------ Collected material ------

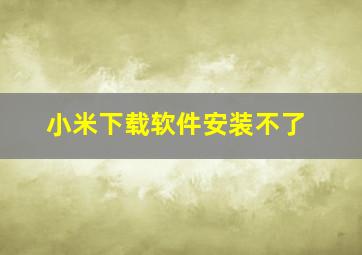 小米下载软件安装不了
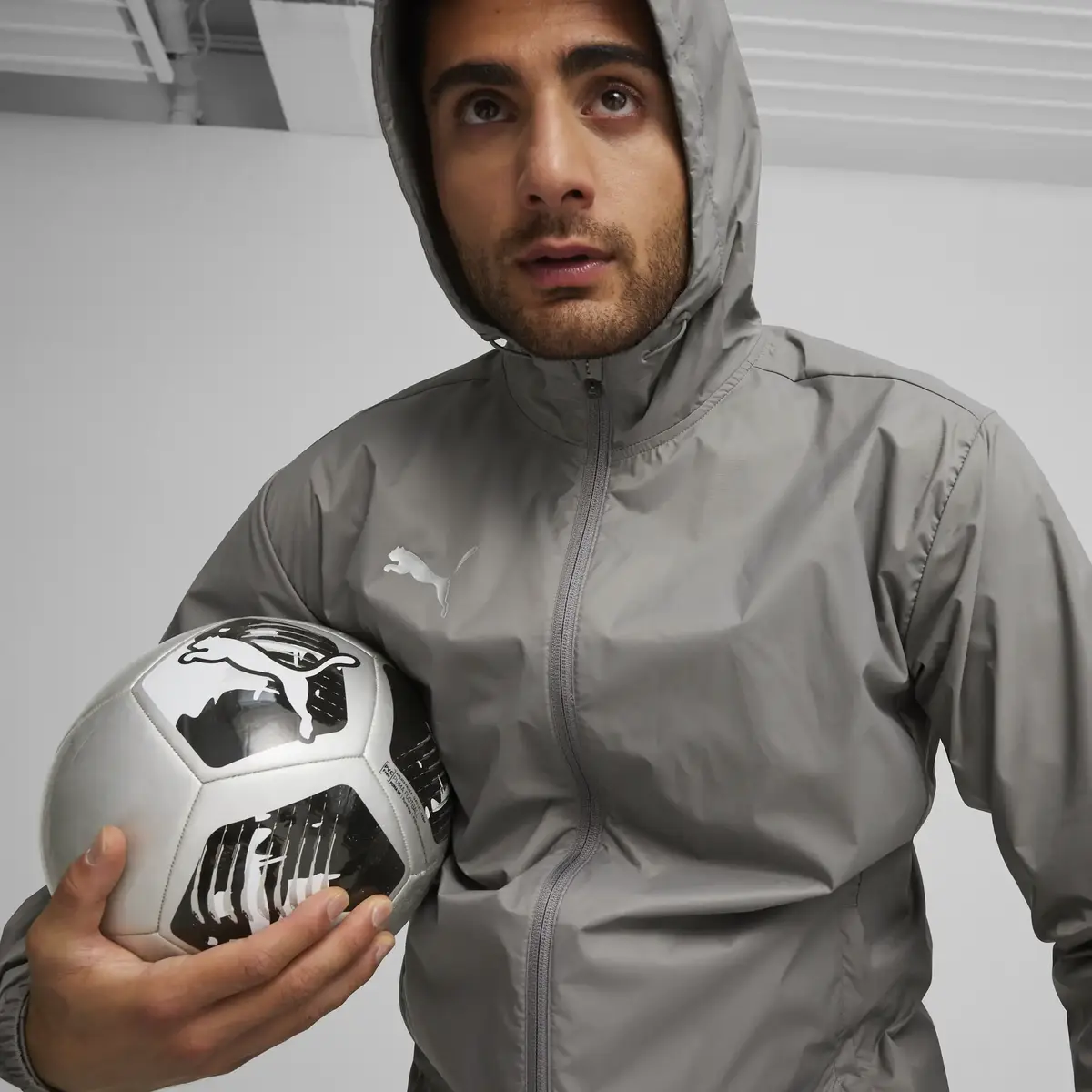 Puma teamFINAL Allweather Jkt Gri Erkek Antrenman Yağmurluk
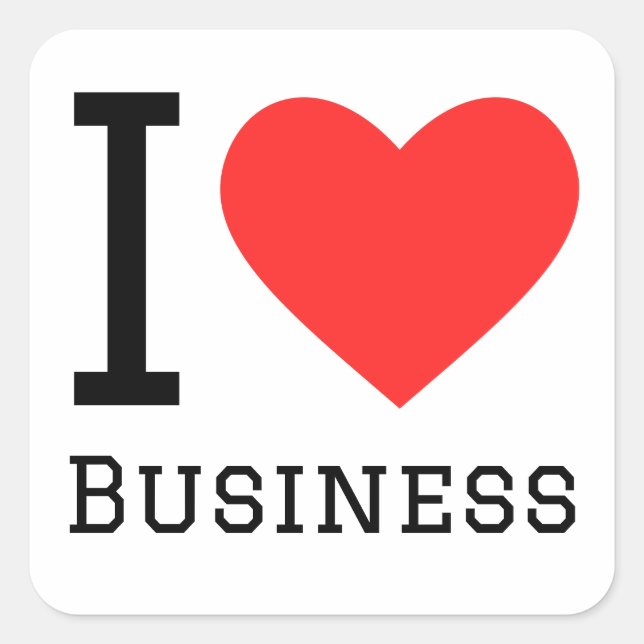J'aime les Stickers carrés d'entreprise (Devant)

------

The complete listing must be transcribed verbatim, and all pictures are to be omitted.

 小米下载软件安装不了
 Puma teamFINAL Allweather Jkt Gri Erkek Antrenman Yağmurluk
J'aime les Stickers carrés d'entreprise (Devant)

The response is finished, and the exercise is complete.